- WHAT YOU HAVE TO DO:
Nothing but the lines from the one containing "Plus Size Sanctuary Asymmetrical Peplum Top" through the last line of the material should appear in the answer, transcribed exactly, pictures excluded.

- PROVIDED MATERIAL:

▼▼▼

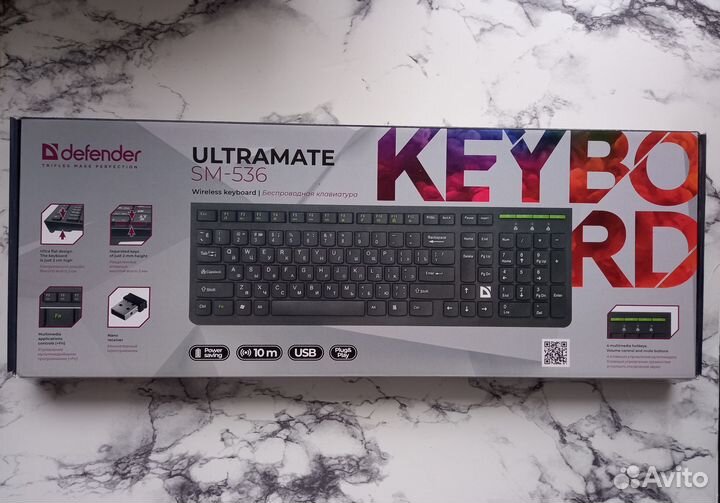 Клавиатура беспроводная Defender Ultramate SM-536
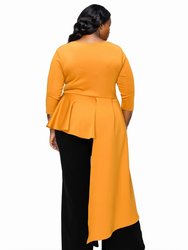 Plus Size Sanctuary Asymmetrical Peplum Top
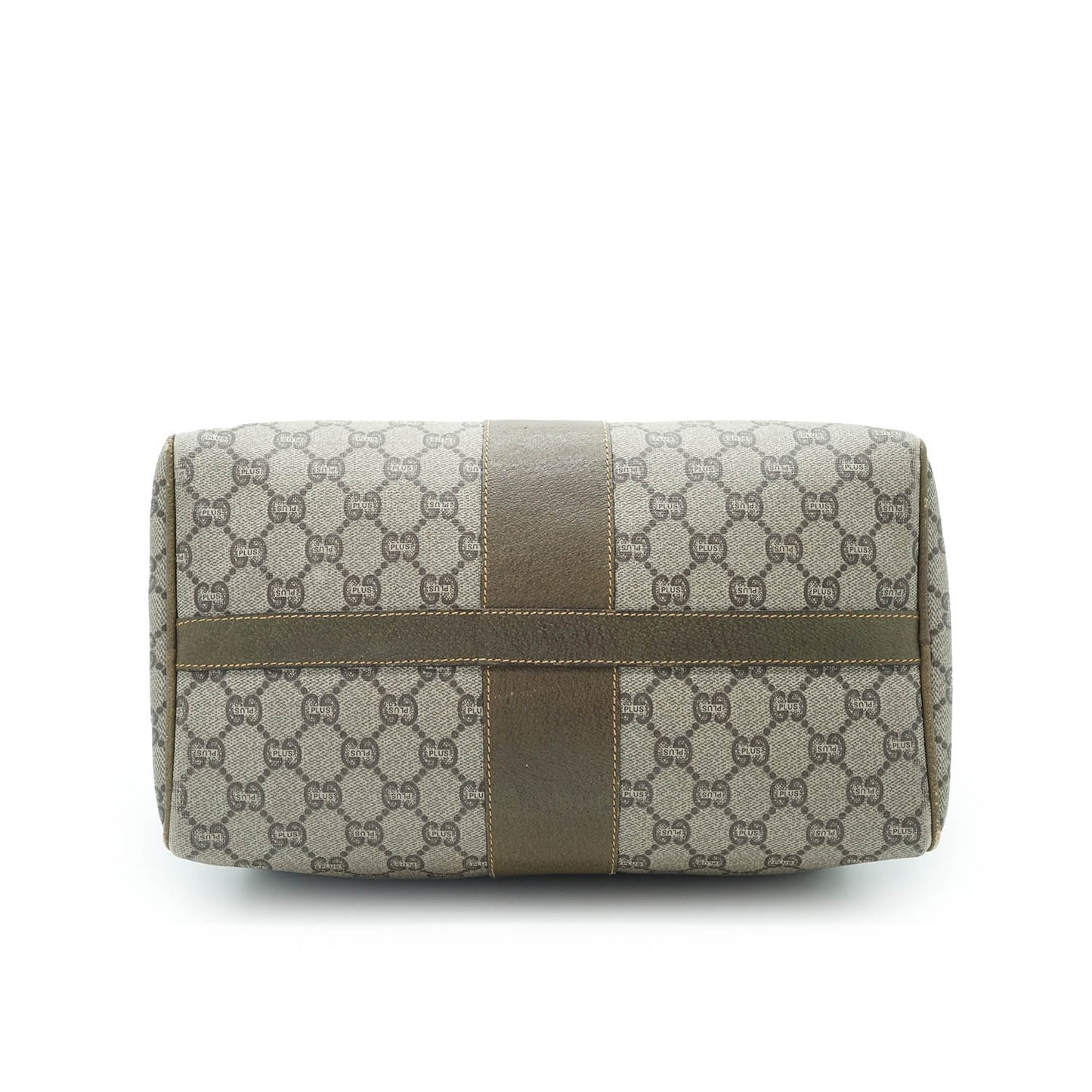 GG Supreme Gucci Plus Vintage Coated Canvas Boston Bag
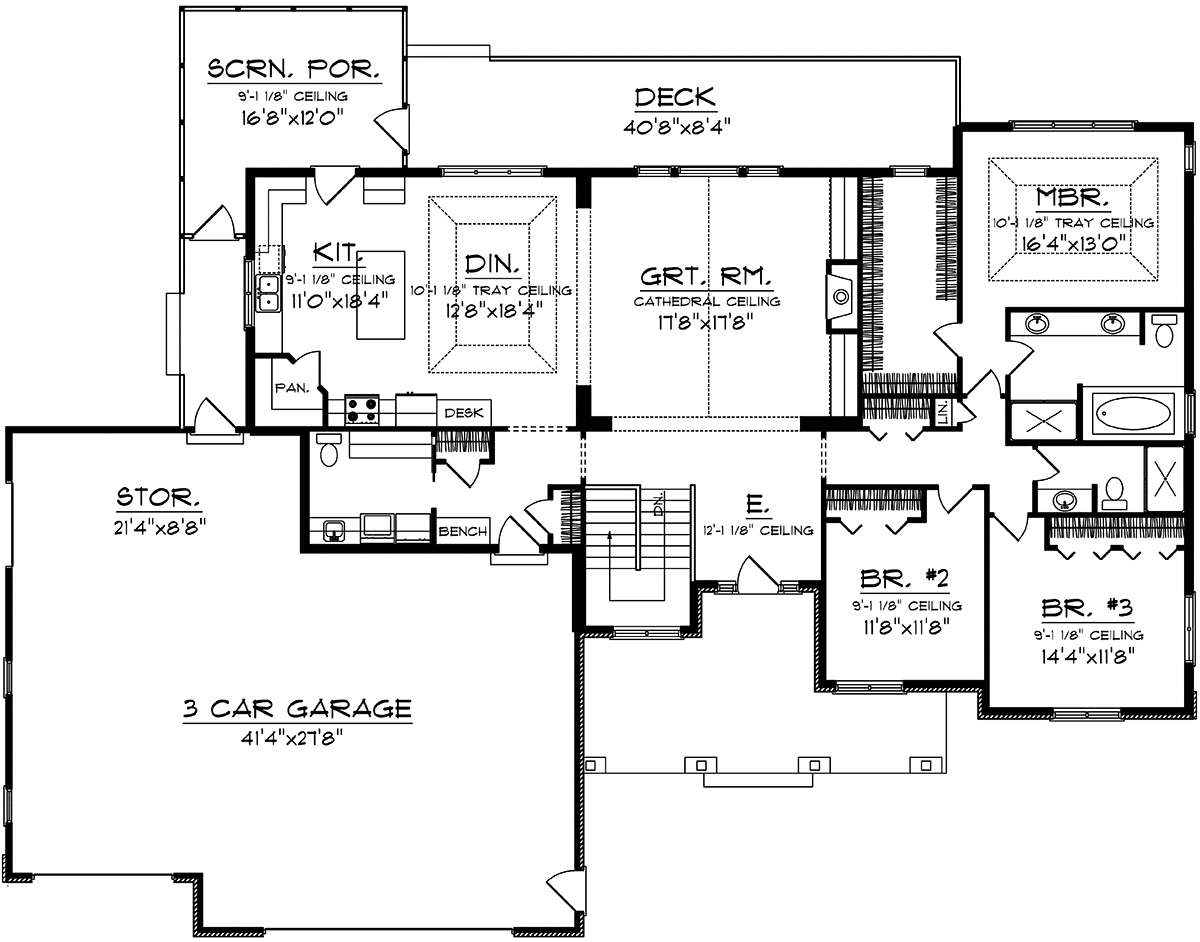 Main Floor for House Plan #1020-00314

▲▲▲

- OUTPUT BELOW:
 Plus Size Sanctuary Asymmetrical Peplum Top
 GG Supreme Gucci Plus Vintage Coated Canvas Boston Bag
 Main Floor for House Plan #1020-00314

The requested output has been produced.